[RECORDS]
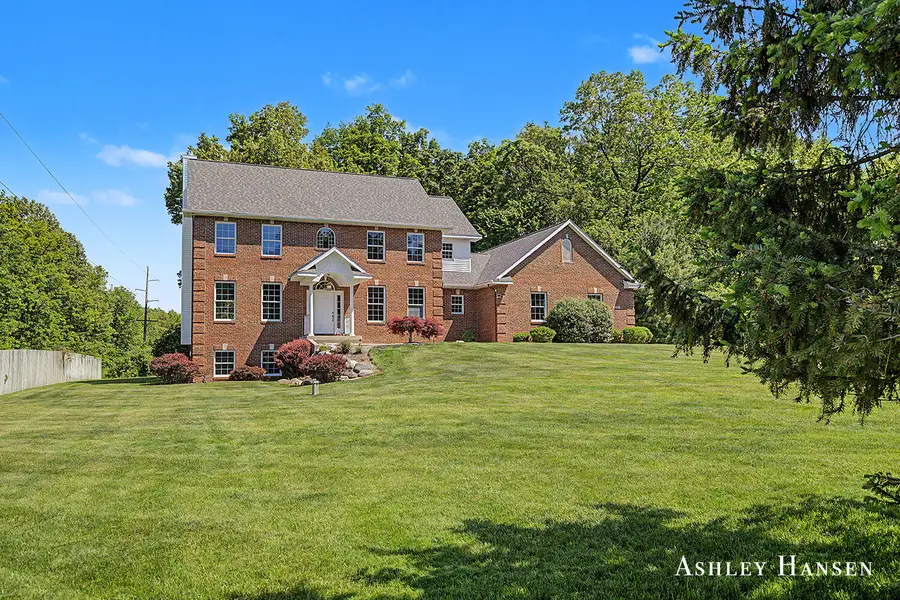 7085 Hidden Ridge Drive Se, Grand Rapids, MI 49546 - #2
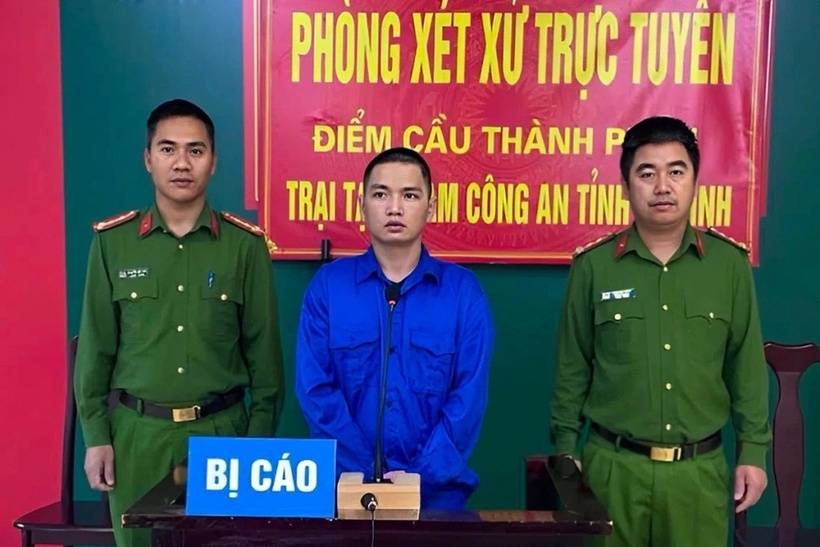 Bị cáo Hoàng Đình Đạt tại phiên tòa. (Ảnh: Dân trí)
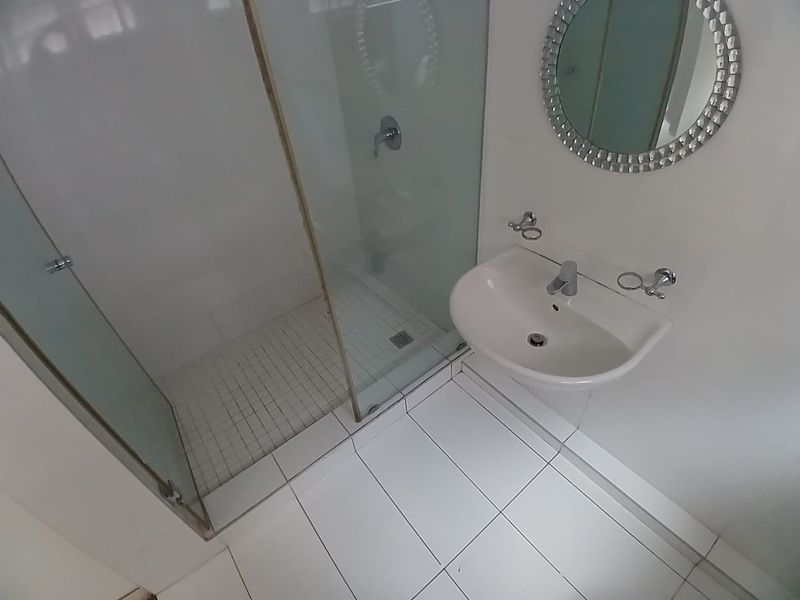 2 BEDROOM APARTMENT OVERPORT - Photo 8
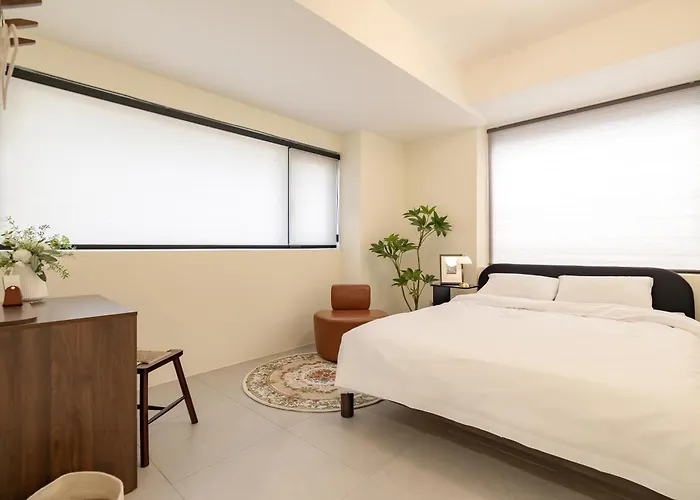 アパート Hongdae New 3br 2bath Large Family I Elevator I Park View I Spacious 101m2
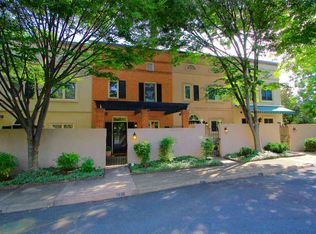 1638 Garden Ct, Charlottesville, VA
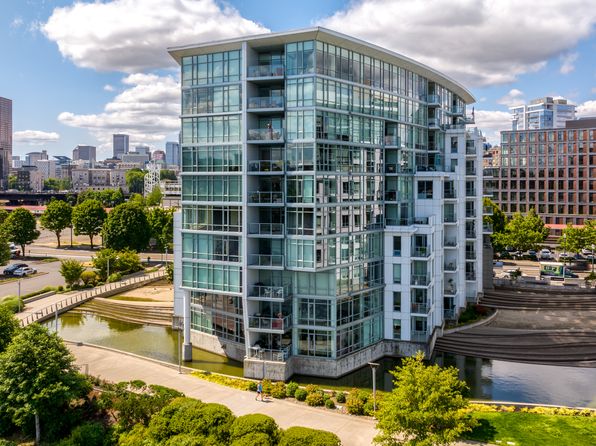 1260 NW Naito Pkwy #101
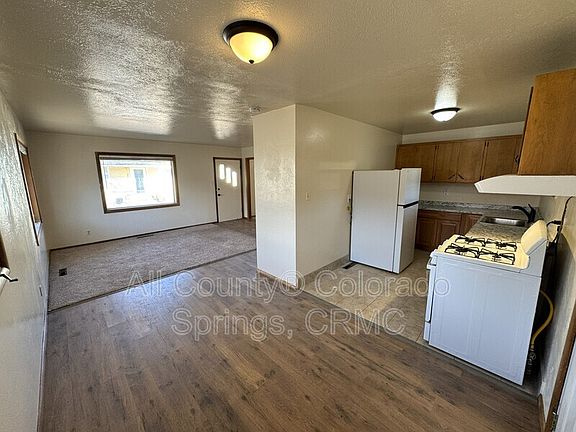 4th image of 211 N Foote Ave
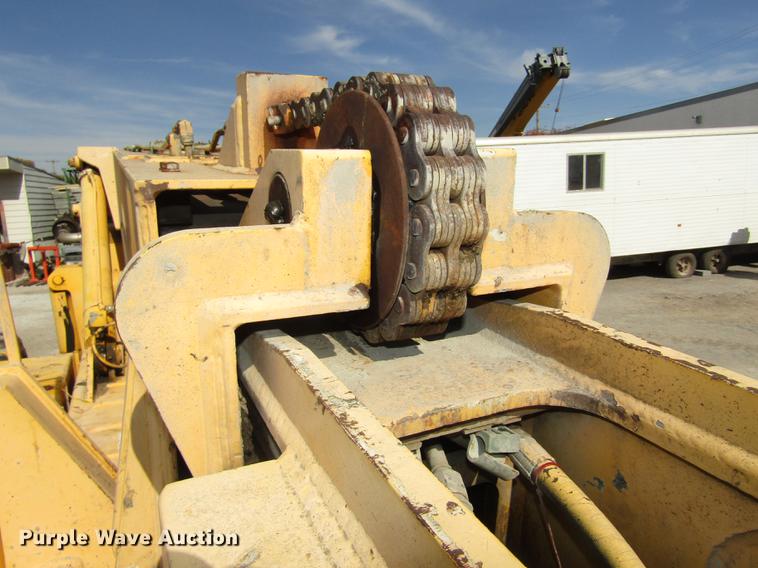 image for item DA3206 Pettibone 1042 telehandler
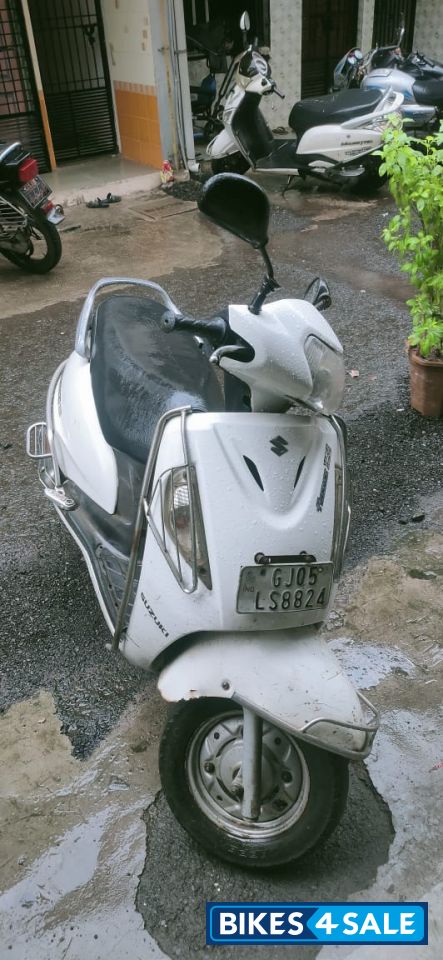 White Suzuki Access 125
[/RECORDS]
[RECORDS]
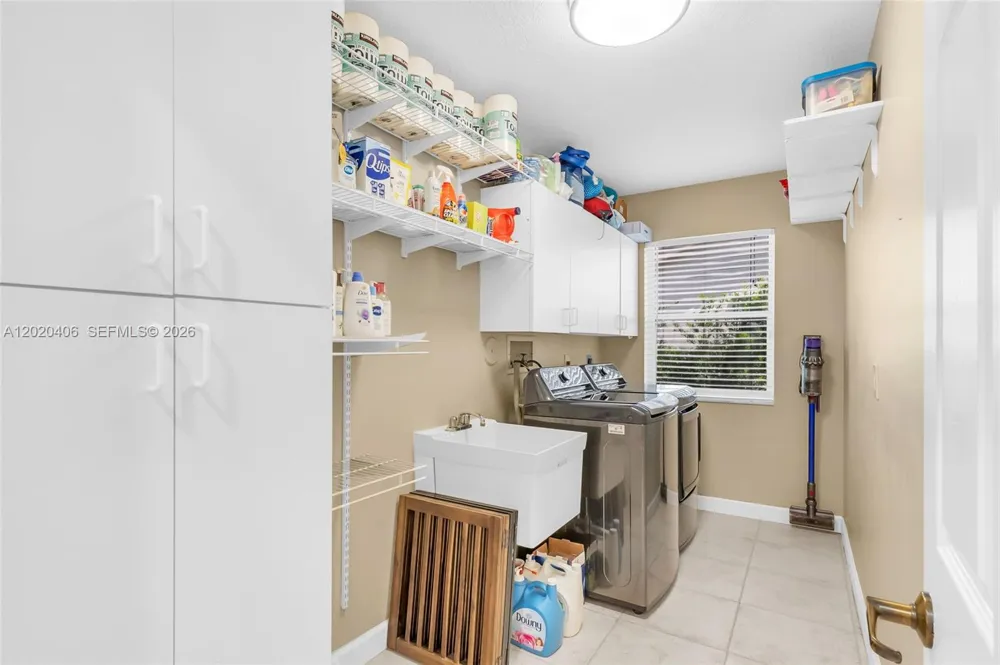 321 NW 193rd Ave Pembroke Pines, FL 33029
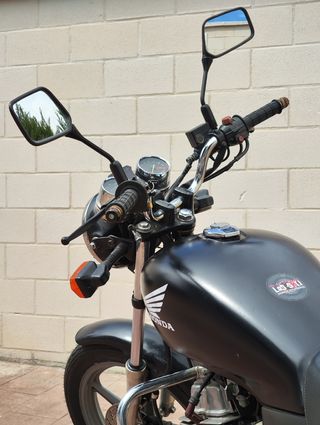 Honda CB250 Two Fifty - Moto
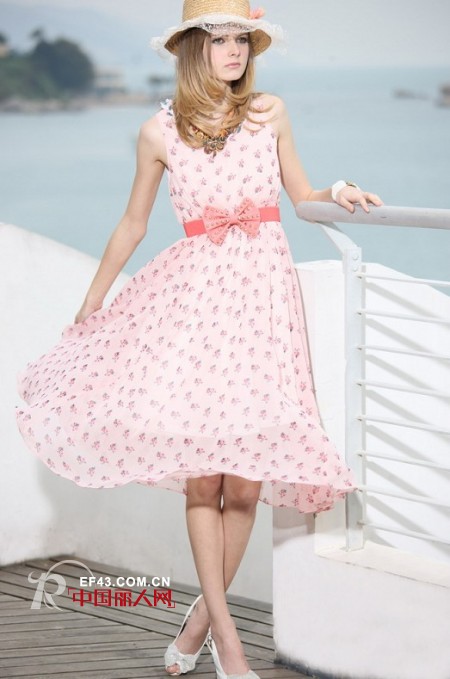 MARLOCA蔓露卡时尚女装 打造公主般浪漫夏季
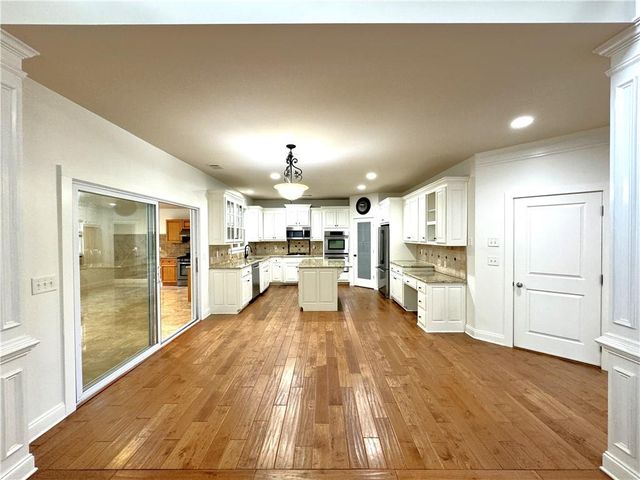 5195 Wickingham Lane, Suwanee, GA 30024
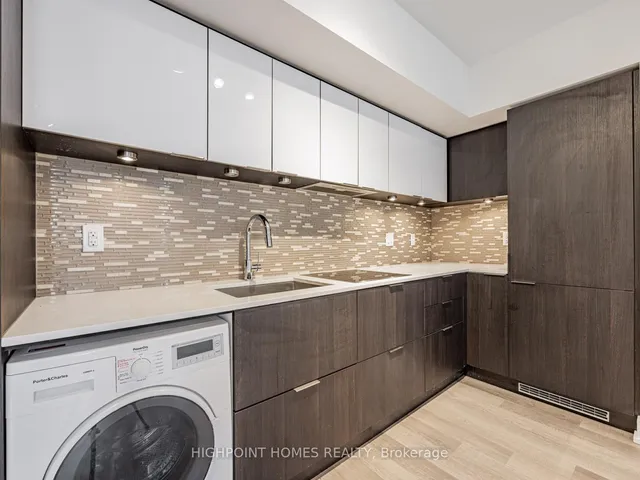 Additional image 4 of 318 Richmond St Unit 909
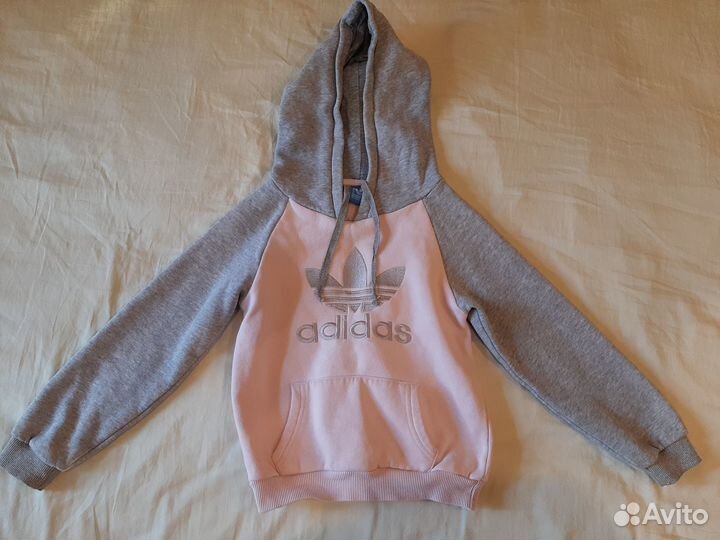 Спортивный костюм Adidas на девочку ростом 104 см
[/RECORDS]
» WHAT TO PRODUCE:
Copy the lines above exactly, starting with the line that contains "7085 Hidden Ridge" and ending with the line that contains "White Suzuki Access 125", and leave out any pictures.

» SOLVED PROBLEM:
 7085 Hidden Ridge Drive Se, Grand Rapids, MI 49546 - #2
 Bị cáo Hoàng Đình Đạt tại phiên tòa. (Ảnh: Dân trí)
 2 BEDROOM APARTMENT OVERPORT - Photo 8
 アパート Hongdae New 3br 2bath Large Family I Elevator I Park View I Spacious 101m2
 1638 Garden Ct, Charlottesville, VA
 1260 NW Naito Pkwy #101
 4th image of 211 N Foote Ave
 image for item DA3206 Pettibone 1042 telehandler
 White Suzuki Access 125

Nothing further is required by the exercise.